In this post, we will learn about how to Split the Pandas DataFrame columns by Multiple delimiters with the help of the Pandas series.str.split() Method and regular expression for multiple delimiters. To better understand the Split Pandas DataFrame column by Multiple delimiters let us first understand how the Pandas series.str.split() method works.

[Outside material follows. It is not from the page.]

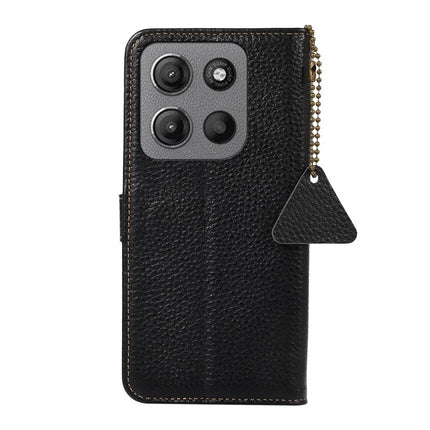 For Motorola Moto G15 4G / G05 4G Case RFID Blocking Genuine Cow Leather Phone Cover Litchi Texture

Pandas series.str.split() Method
The Pandas.series.str.split() method is used to split the string based on a delimiter. If delimiter is not given by default it uses whitespace to split the string.
Syntax
series.str.split((pat=None, n=- 1, expand=False)
Parmeters
- Pat : String or regular expression.If not given ,split is based on whitespace.
- N :It limits the number of split in output.
- Expand : Expand the string into separate column.
- If
True
, return DataFrame/MultiIndex expanding dimensionality. - If
False
, return Series/Index, containing lists of strings.
- If
1. Split Pandas DataFrame column by single Delimiter
In this example, we are splitting columns into multiple columns using the str.split() method with delimiter hyphen(-). We have dataframe column “Mark” that we are splitting into “Mark” and “Mark_” columns.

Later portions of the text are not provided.